The aquarium partnered with environmentally focused art studio Ink Dwell, founded by Jane Kim and Thayer Walker, to create three striking murals for the exhibition. These artworks help showcase parts of the ocean that are not normally visible to human eyes, helping people understand the sometimes invisible impact of human activity. “Our main goal as a studio is to use art and campaigns to protect the natural world,” says Walker.
At the entrance to the exhibition, an Upper Beach mural sets the scene for a sunny day of exploration, with bold blue skies and scattered seagulls. Further along, its Lower Beach counterpart features several silhouettes of people playing on the beach, inviting viewers to envision themselves in that moment. Adjacent to the moon jelly touch pool, the Diversity Wall introduces visitors to the animals of the deep Atlantic that they may not see but that are coexisting with any beach visit. This array of sea creatures includes bottlenose dolphins, a hammerhead shark and Mola mola fish.

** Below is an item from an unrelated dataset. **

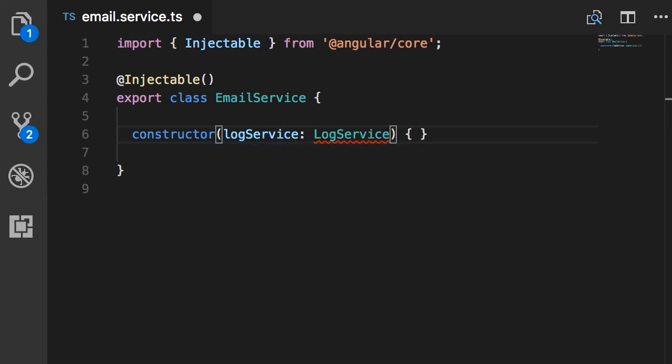In this case, we need to apply this Injectable decorator function on this class. And this tells Angular that this class is an injectable class, which means Angular should be able to inject dependencies of this class into its constructor.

Kim worked with a biologist and other aquarium staff to ensure scientific accuracy, taking trips to Assateague Island National Seashore in Maryland to conduct on-the-ground research. To contribute to the tactile nature of the exhibition, the murals were all created using the painstaking process of paper mosaic, which involves layering hundreds of hand-cut tissue paper strips on top of one another. “I put down blocks of color and then built on top of that,” says Kim. “Tissue paper acts very much like paint. You mix pigments, but the medium is paper.”
The paper mosaic technique was popularized during the Victorian Era by British artist Mary Delany, who meticulously crafted life-like botanicals out of paper. Delany wanted her intricate models to accurately capture natural forms through art, including one flower that contained 230 paper “petals.” As reported in The New York Times, author William Gilpin wrote of her work at the time: “These flowers have both the beauty of painting, and the exactness of botany.”
Building on this theme, Kim, Walker and the broader Ink Dwell team—including Danza Chisholm-Sims, Cleo Vilett and James Walwer—spent over a year working with the aquarium to sketch out the idea and choose the right animals to provide a realistic depiction of the seashore ecosystem. The murals also serve as graphic interpretations of themes in marine biology, emphasizing the movement and interconnectedness of the underwater community. “The currents that are shown in this paper ocean act as a ribbon and connector,” says Kim. “Like the lines on sheet music, the mural is very lyrical, and animals are placed like notes on a page.”
“Art can really shape people’s perspective,” she adds. “It’s a voice, a way to guide people and help change their attitude by making an emotional connection.”